YBK m.480/2: “Ancak, başlangıçta öngörülemeyen veya öngörülebilip de taraflarca göz önünde tutulmayan durumlar, taraflarca belirlenen götürü bedel ile eserin yapılmasına engel olur veya son derece güçleştirirse yüklenici, hâkimden sözleşmenin yeni koşullara uyarlanmasını isteme, bu mümkün olmadığı veya karşı taraftan beklenemediği takdirde sözleşmeden dönme hakkına sahiptir.Dürüstlük kurallarının gerektirdiği durumlarda yüklenici, ancak fesih hakkını kullanabilir.”

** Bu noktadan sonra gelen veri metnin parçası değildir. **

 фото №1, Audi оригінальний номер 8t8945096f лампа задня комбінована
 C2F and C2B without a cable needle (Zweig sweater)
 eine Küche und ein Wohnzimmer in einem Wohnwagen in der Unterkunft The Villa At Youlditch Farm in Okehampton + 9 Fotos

Gerekçesi: “…818 sayılı Borçlar Kanununun 365 inci maddesinin ikinci fıkrasından farklı olarak, Tasarıda yükleniciye tanınan uyarlama hakkı çerçevesinde hâkimin takdir yetkisinden söz edilmesi yerine, bu hakkın mutlaka dava yoluyla kullanılması zorunlu olmayan yenilik doğurucu haklar içerdiği göz önünde tutularak, yüklenicinin hangi seçimlik haklarını ve hangi sıraya uyarak kullanabileceği belirtilmiştir.

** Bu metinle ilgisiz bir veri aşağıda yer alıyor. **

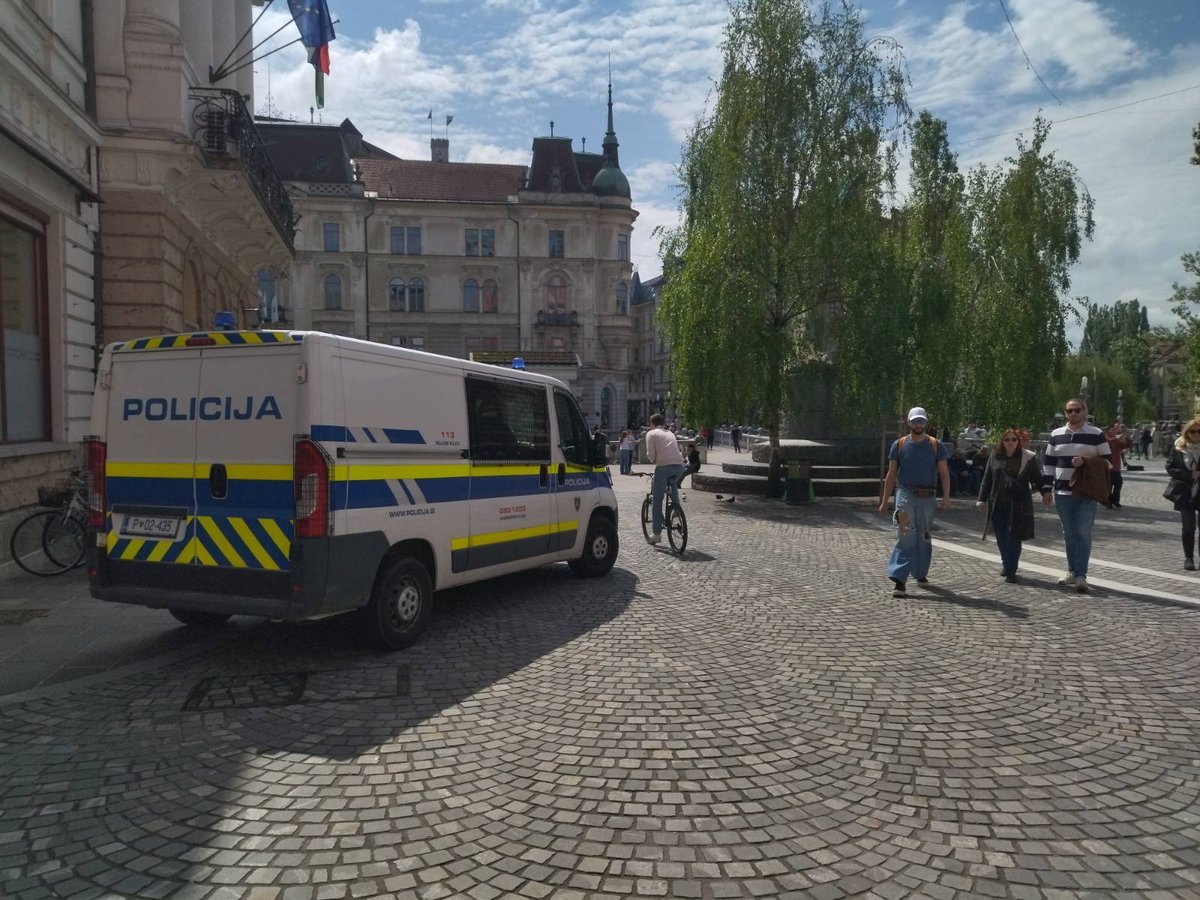 38-letnik na Prešernovem trgu grozil z nožem, policijo nato napadla mimoidoča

…Maddenin ikinci fıkrasına, 818 sayılı Borçlar Kanununun 365 inci maddesinin ikinci fıkrasında yer verilmeyen bir cümle eklenmiştir…

…Böylece, eser sözleşmesinin her zaman ani edimli bir sözleşme olarak kabul edilmesinin doğurabileceği hakkaniyete aykırı sonuçların önlenmesi amaçlanmıştır. Bilindiği gibi, 25/01/1984 tarih ve 1983/3 E., 1984/1 K. sayılı Yargıtay İçtihadı Birleştirme Kararı’nda, eser sözleşmesinin yüklenicinin temerrüde düşmesi nedeniyle, sözleşmenin işsahibi tarafından feshi hâlinde, uyuşmazlığın kural olarak 818 sayılı Borçlar Kanununun 106 ilâ 108 inci maddeleri hükümleri çerçevesinde çözümlenmesi gerektiği, ancak, olayın niteliği ve özelliğinin haklı gösterdiği durumlarda, Medenî Kanunumuzun 2 nci maddesi hükmünün gözetilerek, sözleşmenin feshinin ileriye etkili sonuç doğuracağı kabul edilmiştir. Tasarının 480 inci maddesinin ikinci fıkrasına eklenen cümleyle, yüklenicinin aynı maddenin ikinci fıkrasının birinci cümlesinde öngörülen sözleşmeden dönme hakkını kullanması durumunda da, menfaatler dengesinin gözetilmesi bakımından, öğretide savunulan ve Yüksek Mahkememizin de kabul ettiği görüşe uygun bir düzenleme yapılması zorunlu görülmüştür. Böylece, dürüstlük kurallarının gerektirdiği durumlarda yüklenici, ancak sürekli borç ilişkilerinde olduğu gibi, sadece ileriye etkili sonuçlar doğuran fesih hakkını kullanabilecektir.”